◆ **Available records**:

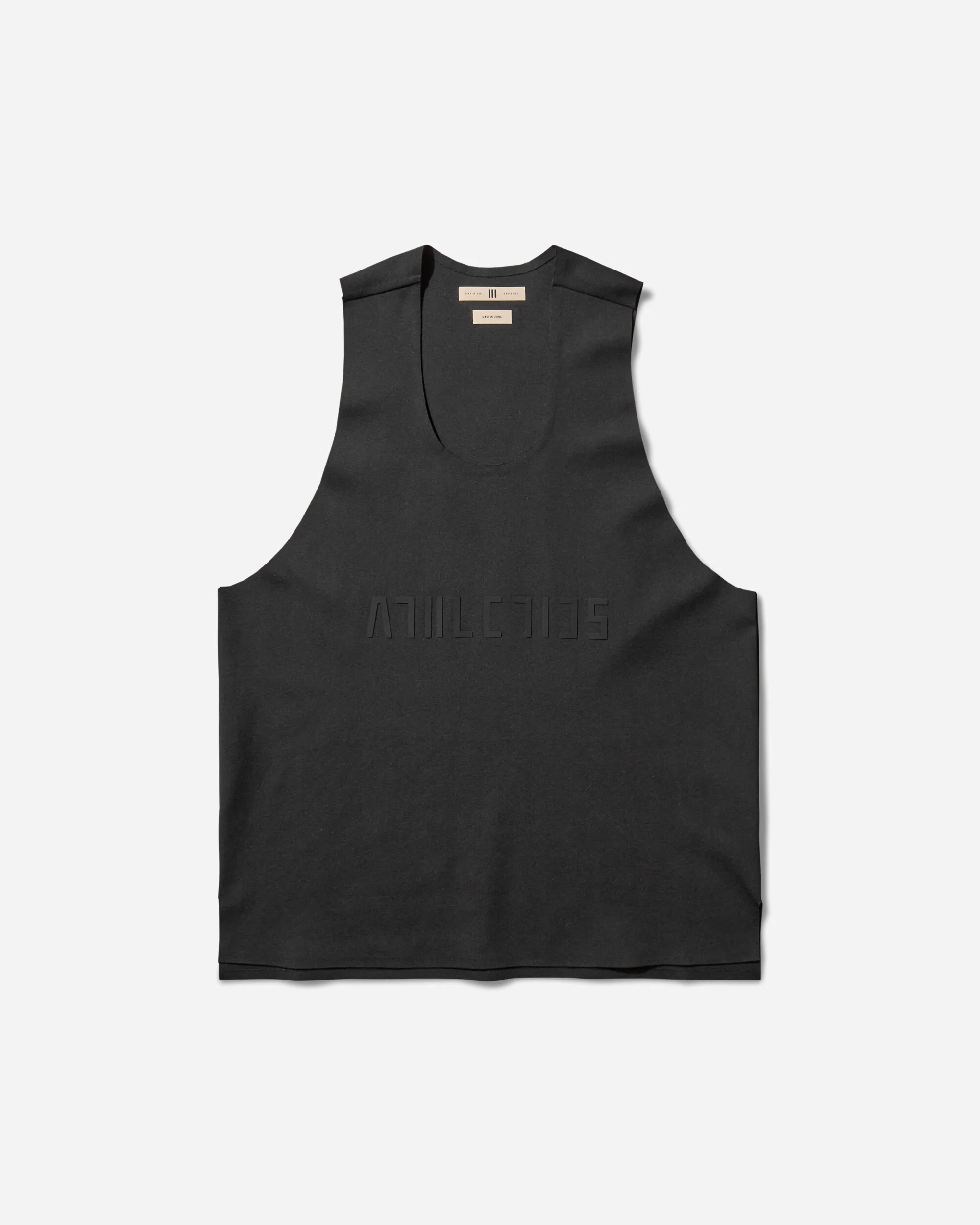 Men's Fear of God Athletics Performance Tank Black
==
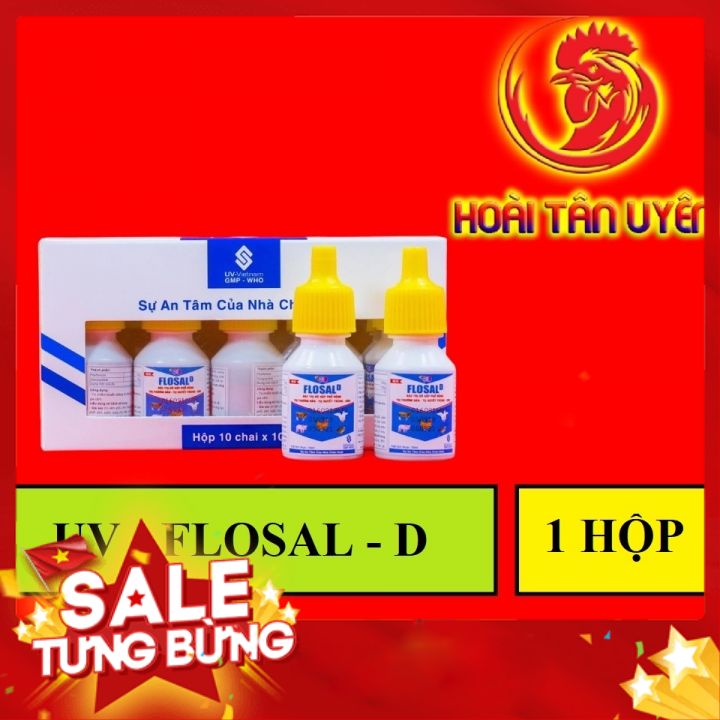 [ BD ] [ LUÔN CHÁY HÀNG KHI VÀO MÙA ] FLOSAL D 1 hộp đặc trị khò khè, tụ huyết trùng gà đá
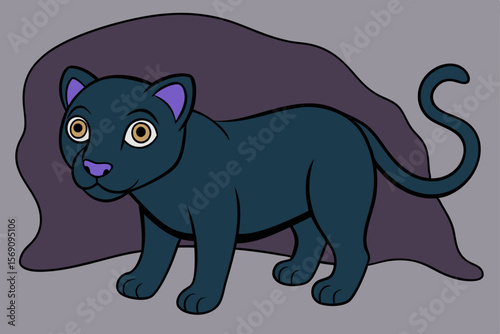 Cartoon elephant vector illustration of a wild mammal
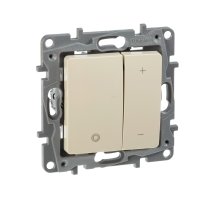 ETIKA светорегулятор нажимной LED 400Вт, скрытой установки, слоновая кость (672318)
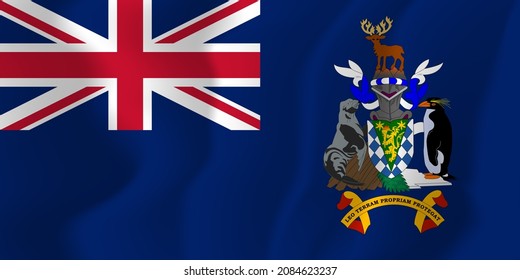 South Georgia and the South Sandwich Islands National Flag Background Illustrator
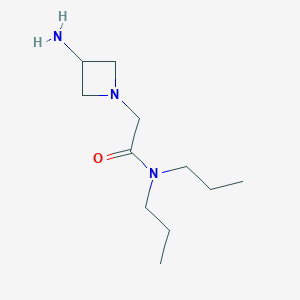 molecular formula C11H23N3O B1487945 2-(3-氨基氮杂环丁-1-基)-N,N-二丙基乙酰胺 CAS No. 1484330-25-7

◆ **Exercise goal**:
Using the data above, return the lines from the one holding "ETIKA светорегулятор нажимной" through the one holding "molecular formula C11H23N3O" exactly, but not the pictures.

◆ **Response to this task**:
 ETIKA светорегулятор нажимной LED 400Вт, скрытой установки, слоновая кость (672318)
 South Georgia and the South Sandwich Islands National Flag Background Illustrator
 molecular formula C11H23N3O B1487945 2-(3-氨基氮杂环丁-1-基)-N,N-二丙基乙酰胺 CAS No. 1484330-25-7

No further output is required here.